§ **YOUR ASSIGNMENT**: Write again exactly the lines in the listing below, starting at the line with "El relato en el que se basó Frozen." and ending at the line with "JAPANESE WIDE LEG TROUSER", both included. Pictures are not copied.

---- SOURCE MATERIAL

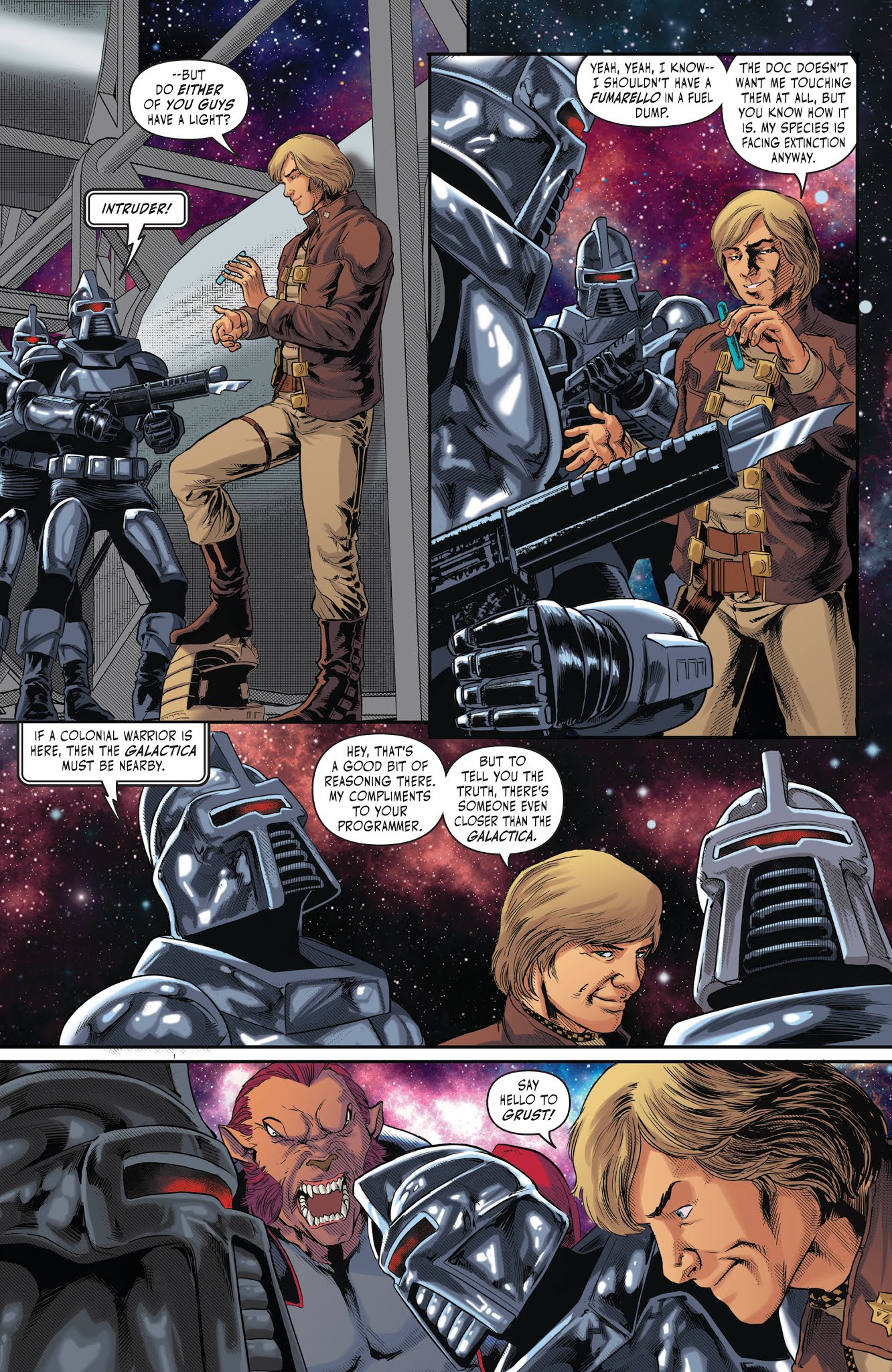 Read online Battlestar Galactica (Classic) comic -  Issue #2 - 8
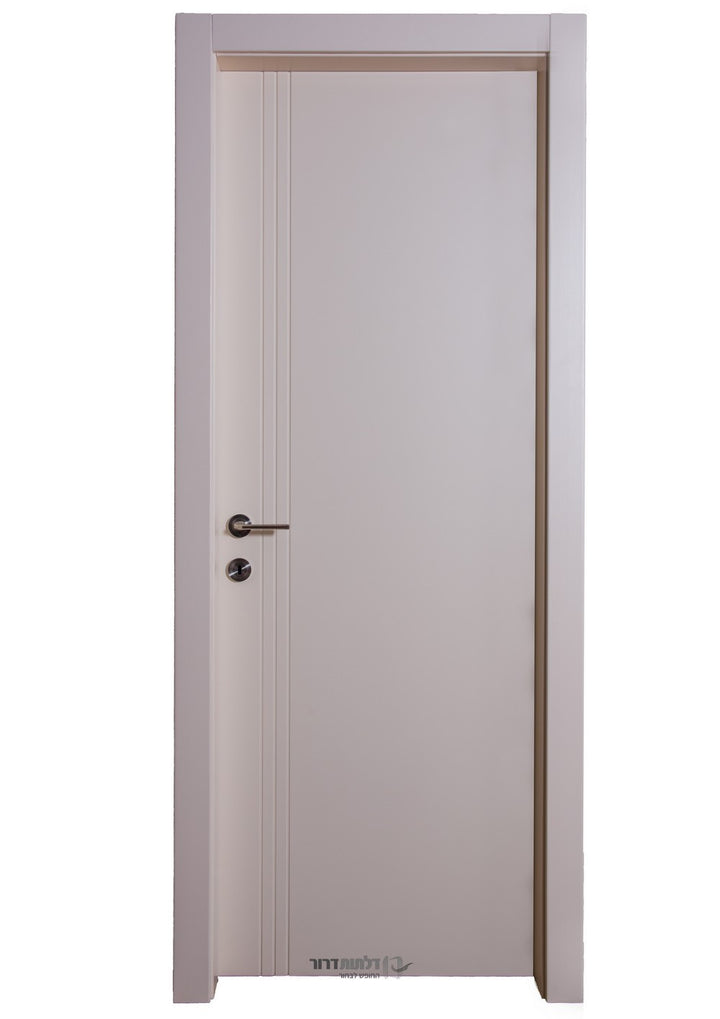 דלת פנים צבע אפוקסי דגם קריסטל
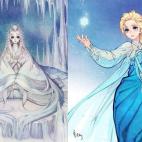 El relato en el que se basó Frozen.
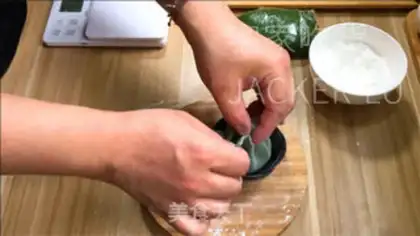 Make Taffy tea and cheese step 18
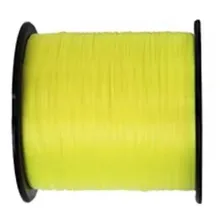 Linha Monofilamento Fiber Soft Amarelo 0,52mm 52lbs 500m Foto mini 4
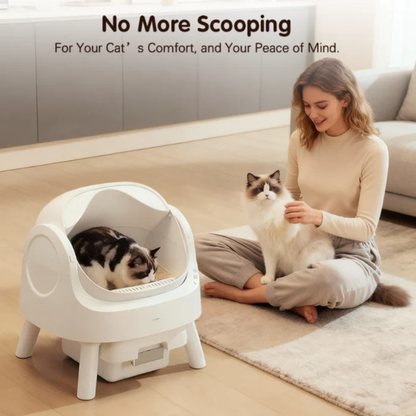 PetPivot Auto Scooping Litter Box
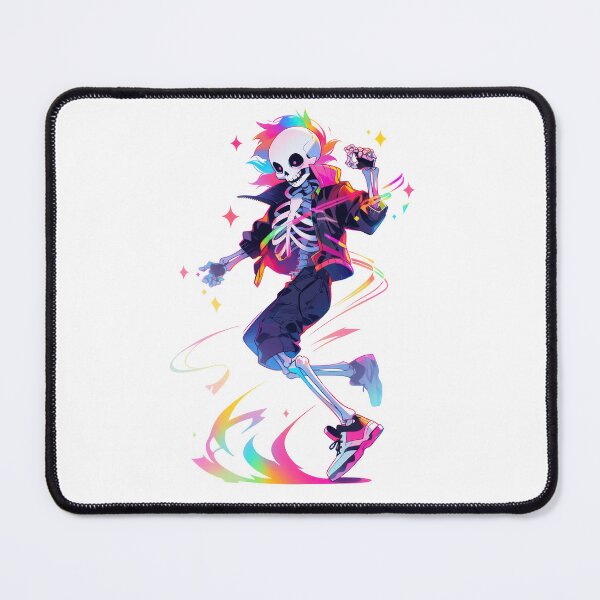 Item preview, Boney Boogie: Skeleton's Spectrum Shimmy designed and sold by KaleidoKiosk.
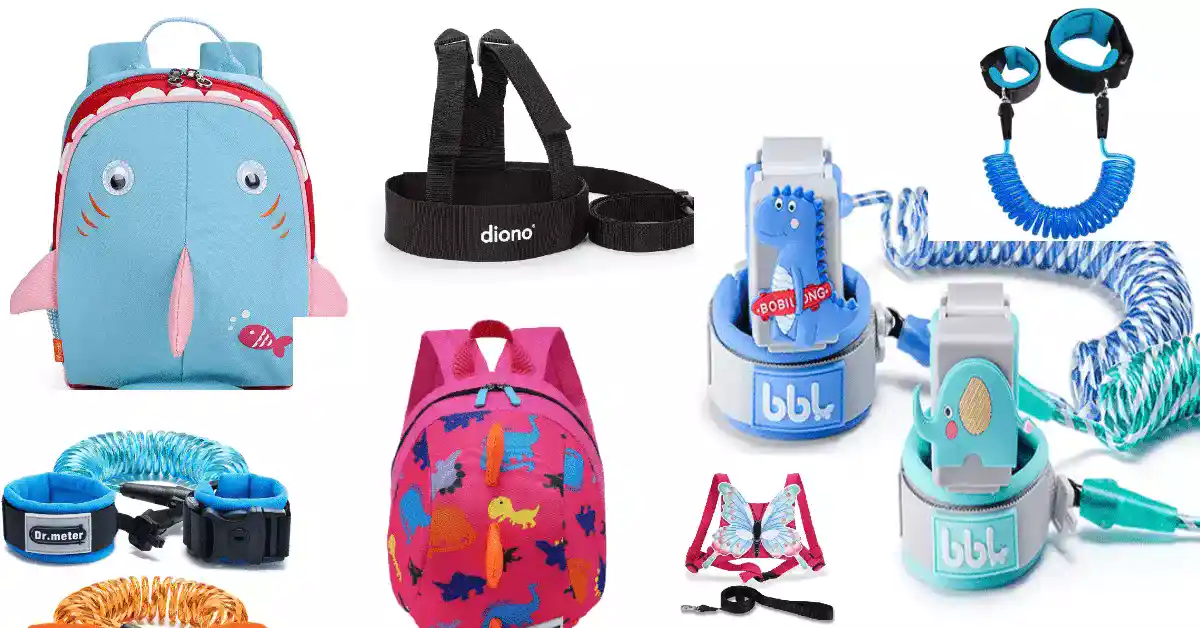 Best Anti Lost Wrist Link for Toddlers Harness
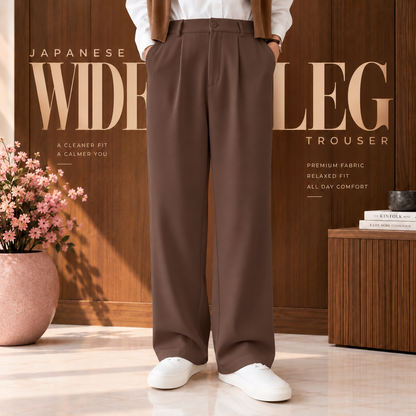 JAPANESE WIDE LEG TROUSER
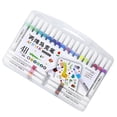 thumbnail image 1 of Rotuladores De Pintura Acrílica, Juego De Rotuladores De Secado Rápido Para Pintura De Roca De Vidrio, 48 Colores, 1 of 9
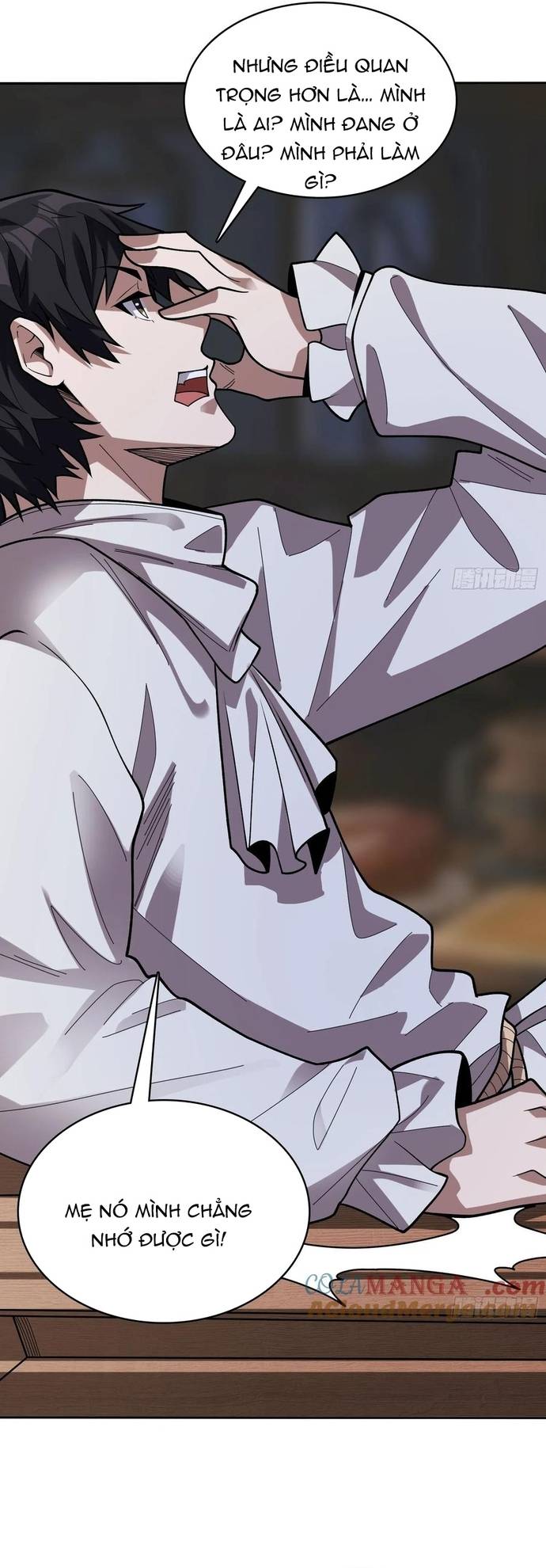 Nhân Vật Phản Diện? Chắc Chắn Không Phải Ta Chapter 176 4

--------

§ **TASK OUTPUT**:
 El relato en el que se basó Frozen.
 Make Taffy tea and cheese step 18
 Linha Monofilamento Fiber Soft Amarelo 0,52mm 52lbs 500m Foto mini 4
 PetPivot Auto Scooping Litter Box
 Item preview, Boney Boogie: Skeleton's Spectrum Shimmy designed and sold by KaleidoKiosk.
 Best Anti Lost Wrist Link for Toddlers Harness
 JAPANESE WIDE LEG TROUSER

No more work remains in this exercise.